While Twingo is immediately identifiable as a Renault, there is absolutely nothing reminiscent of the French marquee in the Logan, Renault’s attempt at a budget sedan that it hopes will put vehicular mobility in the reach of more people globally. My black test unit was fairly striking, although most people who saw it considered it ugly.
I think Logan is charming in a conservative, understated way. The front is perhaps a bit bland, but the side view and rear is not entirely unattractive. Instead, it’s a compromise one would expect from a car sold as a Renault, a Dacia and a Mahindra, depending on where you reside. Debuting in Romania in September 2004, the Logan sold an unprecedented 15 000 units within just three months. Since then, it has seen untold international success and is now sold in five continents and 59 countries.
What is immediately impressive though, is what you get for your money. As Renault puts it, Logan offers C-segment size and features at a B-segment price. Launched at R99 500 and currently retailing at R112 200, the Logan offers unprecedented value – in fact, for a R1000 less, you can get a Kia Picanto or Daihatsu Charade…
Logan is powered by a 1.6-litre engine that delivers 64 kW of power and 128 Nm of torque. It has a top speed of 153km/h and gets to 100km/h in 14.32 seconds. It’s no rocket then either, but manages to feel surprisingly quick and nimble both on the open road and in the city. A fuel consumption figure of 8.64-litres/ 100km is on the better side of average.
The Logan’s interior isn’t a bad place to be, but won’t win any prizes, especially in the horrible only-option-available sand and brown colour scheme. The seats are as comfortable as can be expected, but show dirt immediately – our test unit’s seats seemed especially well used. The wood trimmings lean towards kitsch, and the Blaupunkt radio is particularly old-fashioned.
Standard specification include the aforementioned radio/ CD with MP3 player and four speakers, a driver’s airbag, ABS brakes with EBD, remote central locking, power steering, front and rear electric windows and a height adjustable driver’s seat. A 3 years/ 45 000km service plan is optional, but a 3 years/ 100 000km warranty comes standard.

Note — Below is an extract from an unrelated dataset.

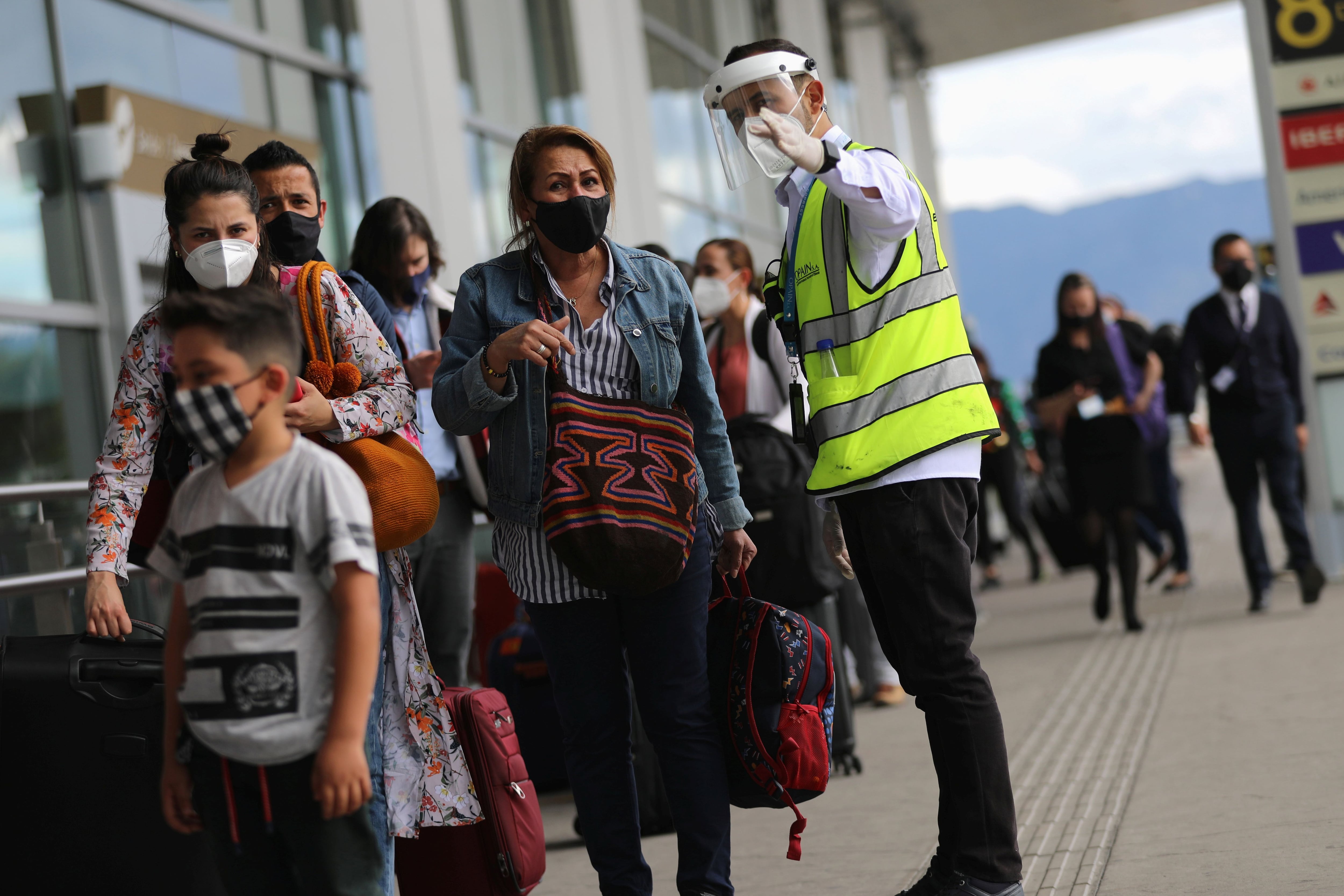 An employee of El Dorado International Airport wearing a face screen and mask gives directions to a female passenger, after the Colombian government decreed restrictions on flights from the United Kingdom, over fears of a new strain of the coronavirus, amid the spread of the coronavirus disease (COVID-19), in Bogota, Colombia December 21, 2020. REUTERS/Luisa Gonzalez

At R112 200, Logan doesn’t have many competitors, with only Tata’s Indigo 1.4 GLS (R111 995) coming close, and that with a smaller engine (all other Indigo models are more expensive). If you like the idea of driving a rental car every day, try Chevrolet’s entry-level Aveo sedan (the 1.6 LT) at R159 320, or Ford’s recently refreshed Ikon 1.6 Ambiente at R133 500.

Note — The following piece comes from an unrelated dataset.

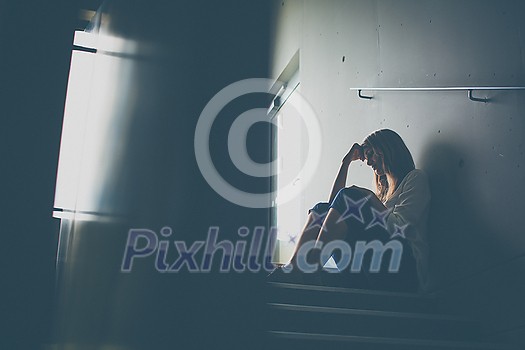 Depressed woman wearing medical face mask, looking out the window at an empty city, loss job due to coronavirus pandemic, Covid-19 outbreak. Unemployment, economic crisis, financial distress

It’s blatantly evident that Renault is putting its money where its mouth is, actively trying to provide a model mix that is more suited to the local motoring market. While I will reserve comment on the Koleos and Sandero until testing them, Twingo and Logan have done much to realign the preconceived ideas I had about the brand.
Twingo stays truest to what we have come to know and like about Renault, but it lacks the je ne sais quoi Clio II had in the entry-level market. It’s good to look at, well-specced and offers excellent value for money. But, its Achilles heel lies in it trying to be more up-market than it is, and unconvincingly so (only 4 units sold in the four months since launch).
Logan is the dark horse in Renault’s model mix, and while it loses out on French quirkiness, it makes up in real-world value. With the Logan, Renault identified a need and did its damnedest to address it, in my opinion rather successfully. It’s basic and conservative but has everything you need, including performance that feels lively. Once the budget-conscious have caught on, Logan is bound to repeat its global successes in South Africa.